In the records below, repeat word for word only the lines starting at the one that contains "PROMO!!! Hf Handsfree" and ending at the one that contains "Design of group", pictures excluded.

Image-text web data:
+===+
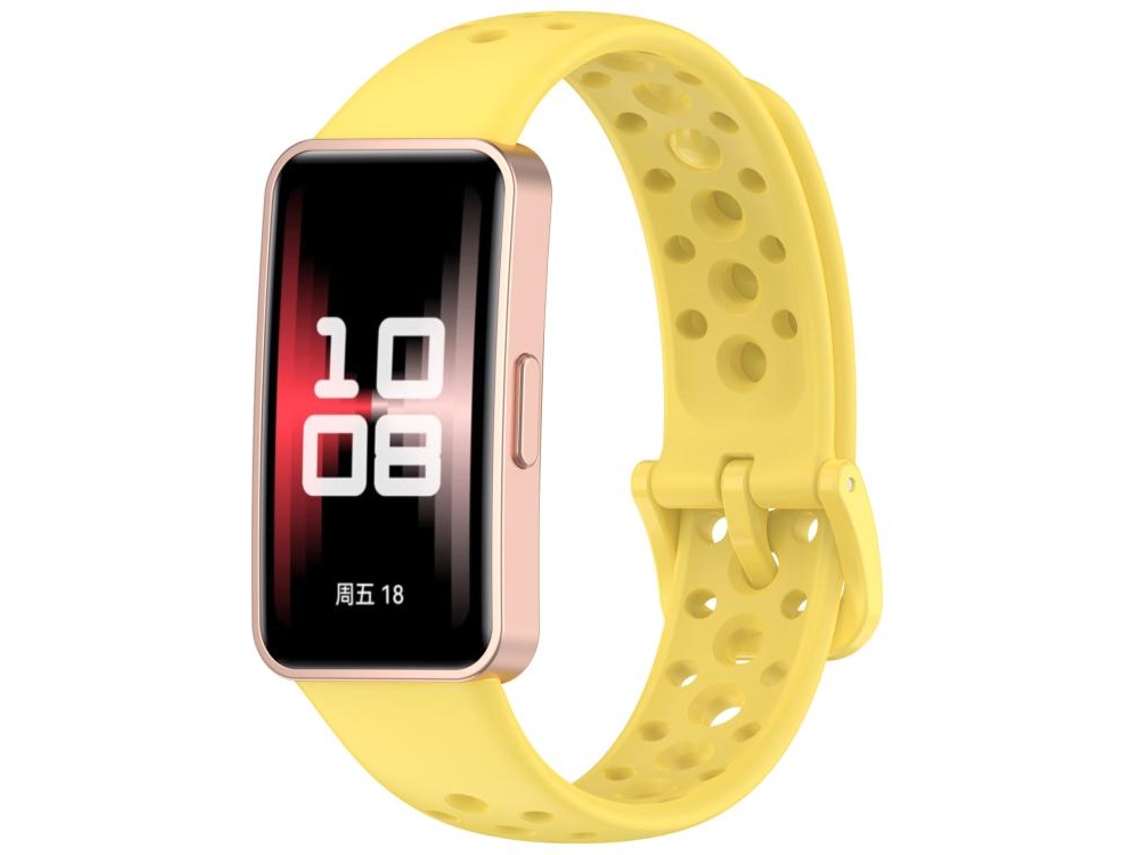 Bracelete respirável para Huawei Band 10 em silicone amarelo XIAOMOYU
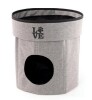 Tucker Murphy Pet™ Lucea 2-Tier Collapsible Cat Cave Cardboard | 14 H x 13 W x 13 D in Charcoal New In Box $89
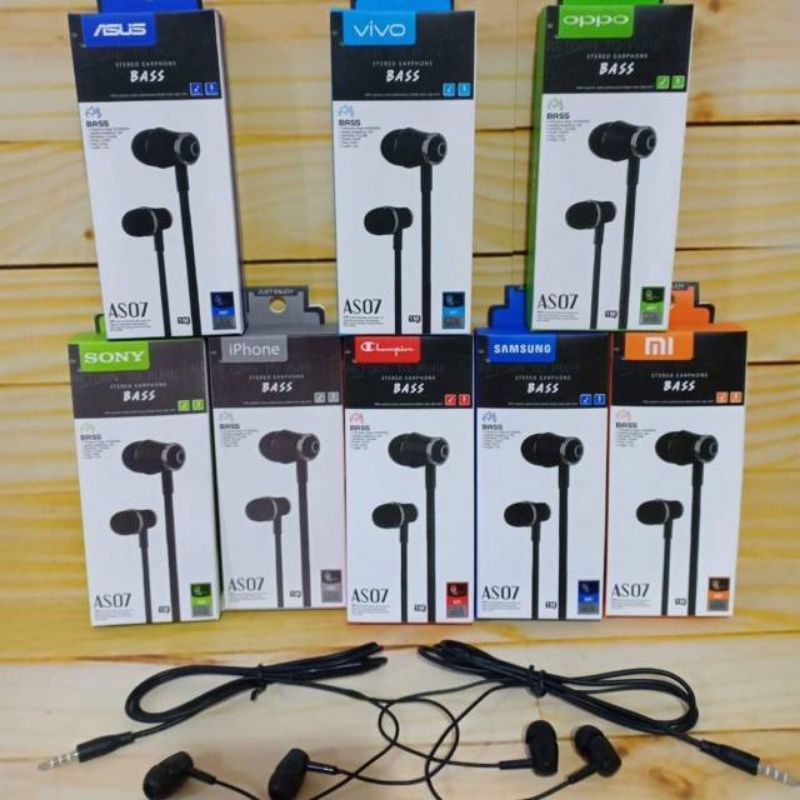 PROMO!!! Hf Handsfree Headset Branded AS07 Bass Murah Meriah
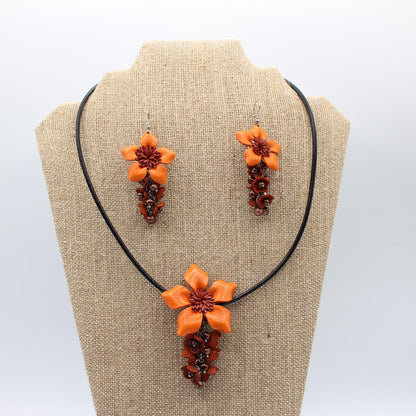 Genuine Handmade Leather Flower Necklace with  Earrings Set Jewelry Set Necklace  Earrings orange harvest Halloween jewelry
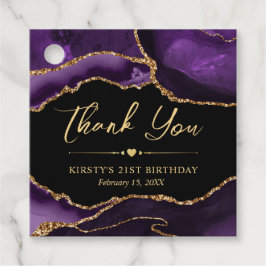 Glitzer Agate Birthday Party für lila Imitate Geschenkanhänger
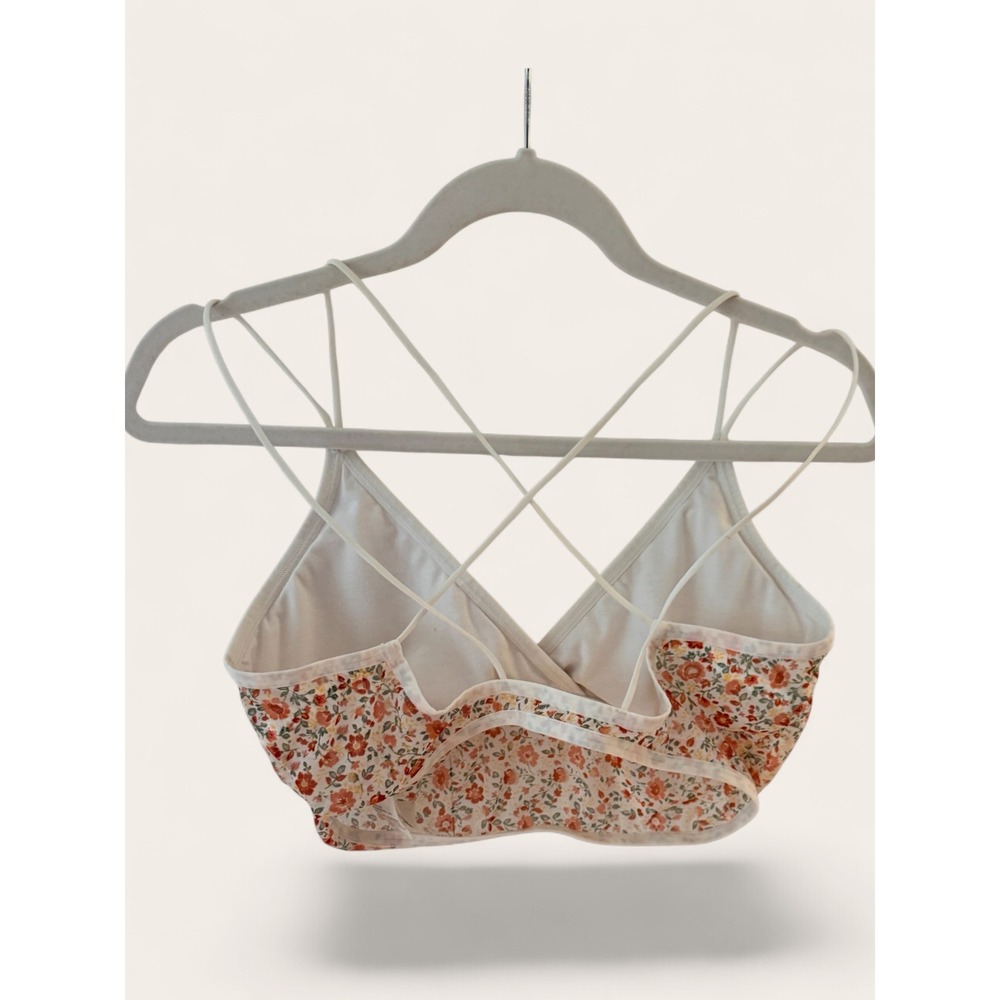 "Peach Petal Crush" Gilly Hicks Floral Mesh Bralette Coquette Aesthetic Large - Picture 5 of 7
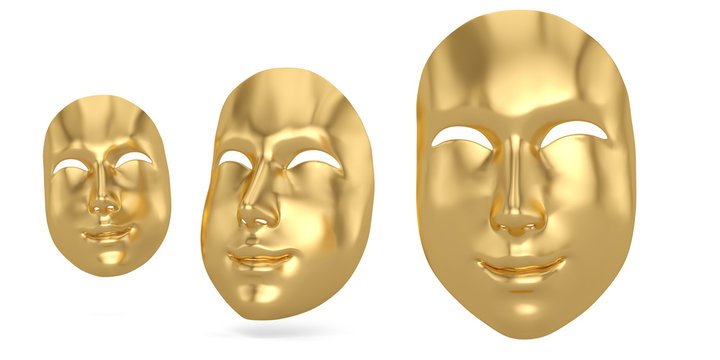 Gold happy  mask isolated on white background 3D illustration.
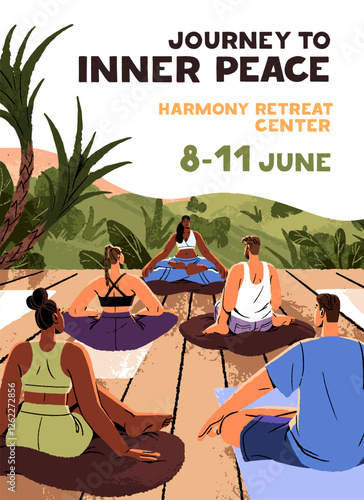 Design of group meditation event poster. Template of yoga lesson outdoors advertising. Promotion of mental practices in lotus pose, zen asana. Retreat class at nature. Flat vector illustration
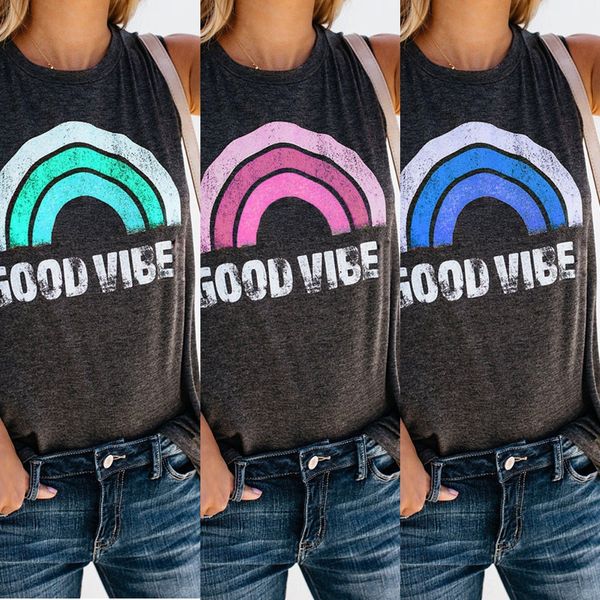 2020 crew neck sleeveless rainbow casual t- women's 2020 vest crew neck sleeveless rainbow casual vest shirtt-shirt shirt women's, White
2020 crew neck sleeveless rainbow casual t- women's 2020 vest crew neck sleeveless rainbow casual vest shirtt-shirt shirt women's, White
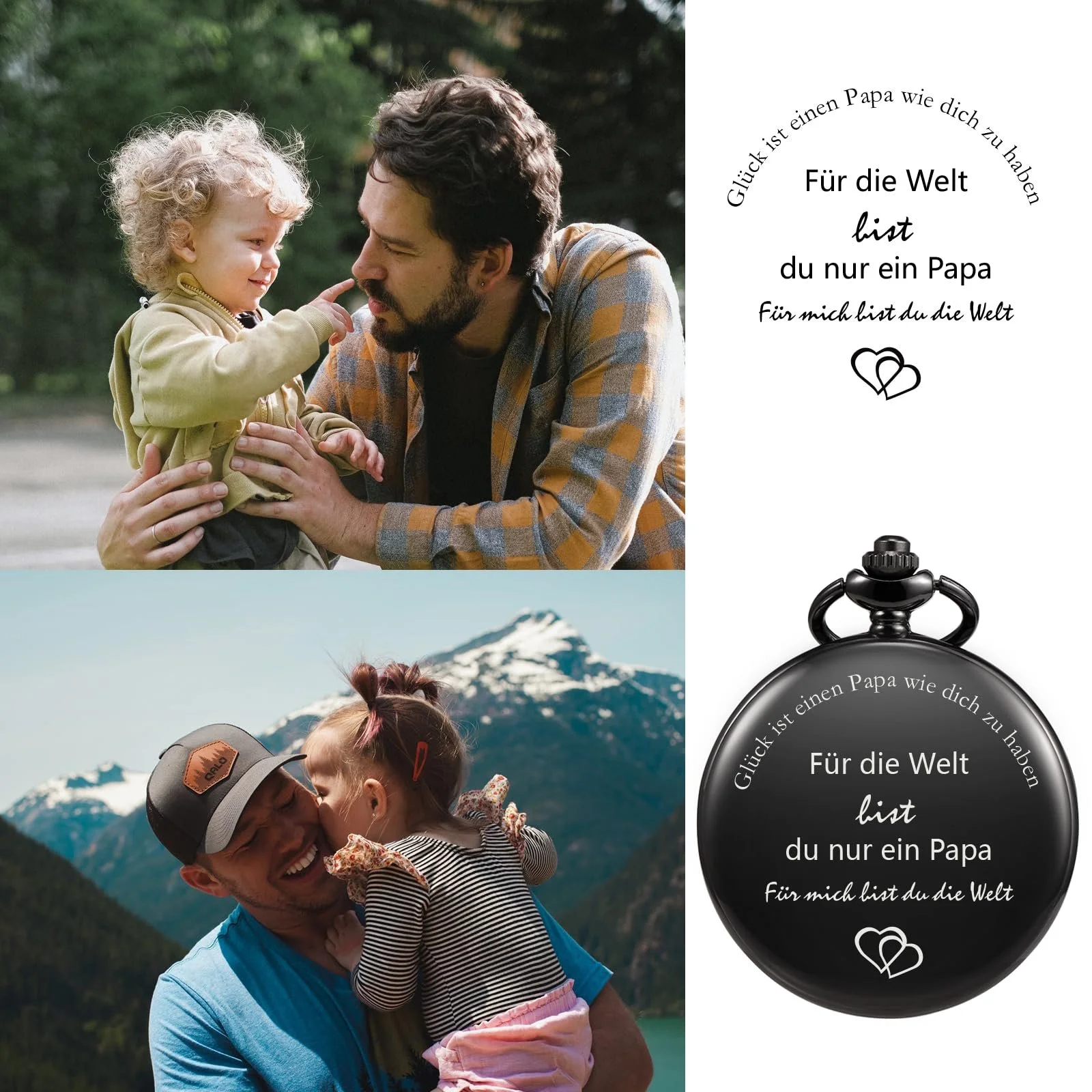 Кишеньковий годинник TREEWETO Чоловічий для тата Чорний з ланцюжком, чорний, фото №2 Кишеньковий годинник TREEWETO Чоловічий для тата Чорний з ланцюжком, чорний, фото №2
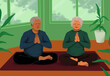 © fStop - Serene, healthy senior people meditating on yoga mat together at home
+===+
• The completed task:
 PROMO!!! Hf Handsfree Headset Branded AS07 Bass Murah Meriah
 Genuine Handmade Leather Flower Necklace with  Earrings Set Jewelry Set Necklace  Earrings orange harvest Halloween jewelry
 Glitzer Agate Birthday Party für lila Imitate Geschenkanhänger
 "Peach Petal Crush" Gilly Hicks Floral Mesh Bralette Coquette Aesthetic Large - Picture 5 of 7
 Gold happy  mask isolated on white background 3D illustration.
 Design of group meditation event poster. Template of yoga lesson outdoors advertising. Promotion of mental practices in lotus pose, zen asana. Retreat class at nature. Flat vector illustration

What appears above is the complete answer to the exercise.